The opposition, on the other hand, was unable to agree on who should make up their negotiations team until late afternoon on January 21, and its contacts with the authorities have for now not been constructive (http://kommersant.ua/doc/2389217). The opposition’s demands have included, among other points, the government’s dismissal and early presidential and parliamentary elections. Referring to its presidential administration source, Dzerkalo Tyzhnya wrote that the President’s Office did not believe that the opposition and some civic leaders participating in the consultations could control the street violence. The authorities hence decided to use the negotiations to win some time to assemble their security forces (http://zn.ua/POLITICS/bankovaya-somnevaetsya-v-celesoobraznosti-dalneyshih-peregovorov-s-oppoziciey-137118_.html).

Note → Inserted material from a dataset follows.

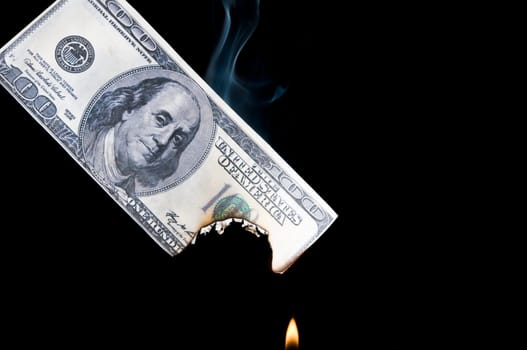 putting fire to a us banknote on black background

Theories of Russia’s active role in the Ukrainian crisis are growing. Commenting on the slow progress in crisis negotiations, Lutsenko alleged: “It became known to me yesterday [January 21] that Yanukovych was ready for negotiations with opposition leaders and also ready to [dismiss] [Prime Minister Mykola] Azarov, [Internal Minister Vitaliy] Zakharchenko and the government. He was also ready to cancel the laws [see EDM, January 17] and provide amnesty for all who fought for Ukraine’s freedom,” but, as he claimed the Kremlin interfered (http://www.segodnya.ua/ukraine/lucenko-yanukovich-byl-gotov-sdat-azarova-i-zaharchenko-no-vmeshalsya-kreml-490453.html).

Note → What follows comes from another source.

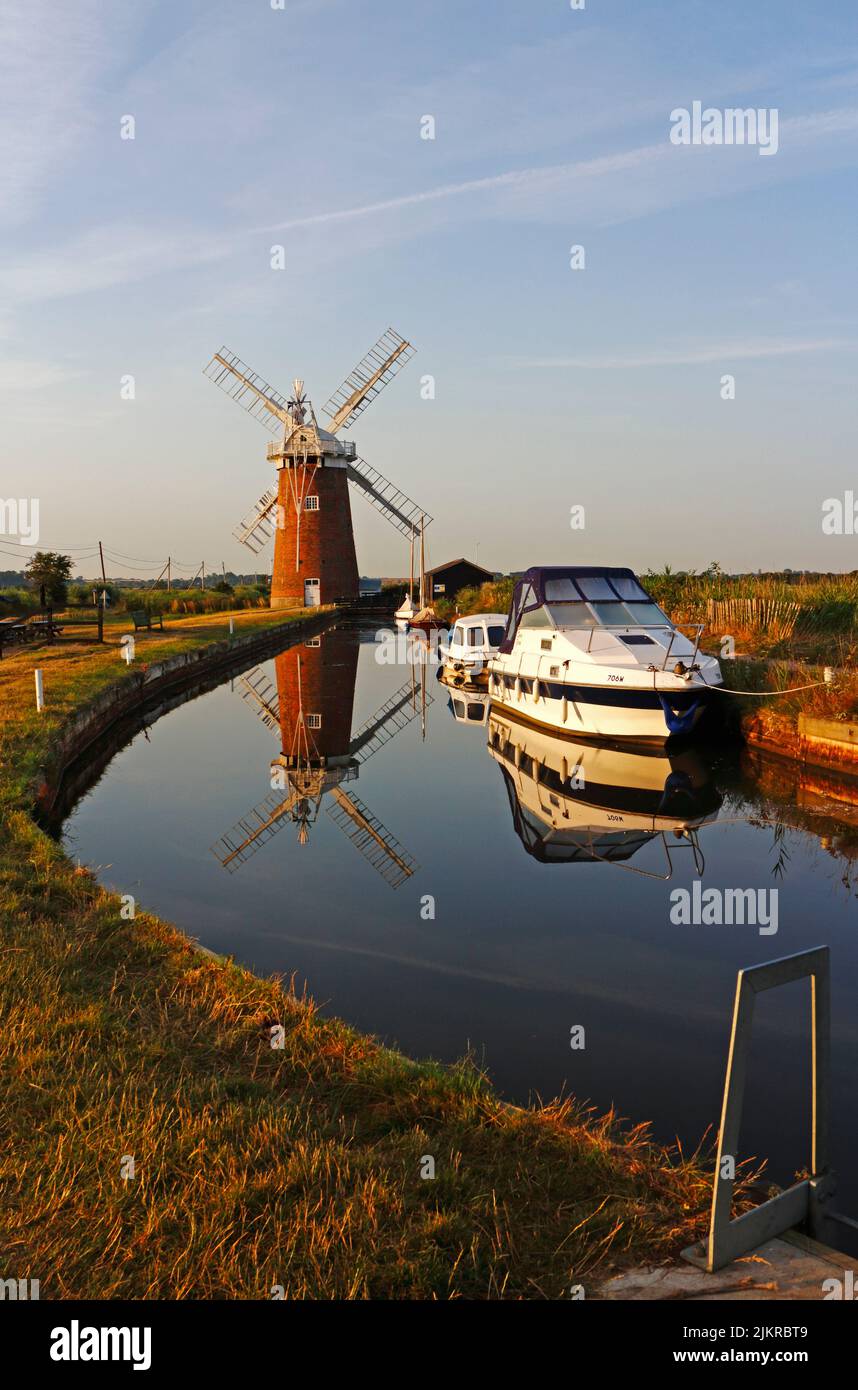 A view of Horsey Dyke with boat moorings and landmark Windmill and reflection on the Norfolk Broads at Horsey, Norfolk, England, United Kingdom. Stock Photo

The latest public opinion polls (as of December 2013) may suggest there is some likelihood for violent conflicts to escalate in Ukraine over economic and geopolitics-related issues: 46.9 percent Ukrainians would support joining the European Union while 28.9 percent support Ukraine joining the Russian-led Customs Union; 24.2 percent remain undecided. At the same time, 49.7 percent Ukrainians are ready to take part in street protests if their living conditions worsen substantially, but a sizeable 28.5 percent also would agree to economic and other hardships to preserve order in the country (http://www.ratinggroup.com.ua/products/politic/data/entry/14080/). So although Ukraine will probably not degenerate into a full-scale civil war in the short term, some local conflicts are likely, given the poor economic situation and citizens’ distrust in government and politicians. Nonetheless, there is still room for a “miraculous” outcome stemming from negotiations, which would likely bring a more positive short-term result for Ukraine.